*YOUR OBJECTIVE*. What is needed is an exact copy of the line that contains "Ronnybrook Farm Dairy" and of all later lines to the end of the records below, with no other lines.

Short web captions:
------------------------------------------------------------
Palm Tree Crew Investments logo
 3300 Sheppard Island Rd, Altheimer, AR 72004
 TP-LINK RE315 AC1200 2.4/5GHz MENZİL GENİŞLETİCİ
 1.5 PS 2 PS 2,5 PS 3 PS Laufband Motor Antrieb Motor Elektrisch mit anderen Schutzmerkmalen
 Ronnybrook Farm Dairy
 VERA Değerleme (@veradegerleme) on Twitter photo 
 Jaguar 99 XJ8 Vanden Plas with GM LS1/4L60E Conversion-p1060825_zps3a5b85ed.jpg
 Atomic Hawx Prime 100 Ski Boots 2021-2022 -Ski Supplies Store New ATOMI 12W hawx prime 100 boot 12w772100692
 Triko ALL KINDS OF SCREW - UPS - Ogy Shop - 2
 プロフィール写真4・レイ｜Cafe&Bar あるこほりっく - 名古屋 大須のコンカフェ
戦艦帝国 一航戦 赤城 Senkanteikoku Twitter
------------------------------------------------------------
*OUTPUT*.
 Ronnybrook Farm Dairy
 VERA Değerleme (@veradegerleme) on Twitter photo 
 Jaguar 99 XJ8 Vanden Plas with GM LS1/4L60E Conversion-p1060825_zps3a5b85ed.jpg
 Atomic Hawx Prime 100 Ski Boots 2021-2022 -Ski Supplies Store New ATOMI 12W hawx prime 100 boot 12w772100692
 Triko ALL KINDS OF SCREW - UPS - Ogy Shop - 2
 プロフィール写真4・レイ｜Cafe&Bar あるこほりっく - 名古屋 大須のコンカフェ
戦艦帝国 一航戦 赤城 Senkanteikoku Twitter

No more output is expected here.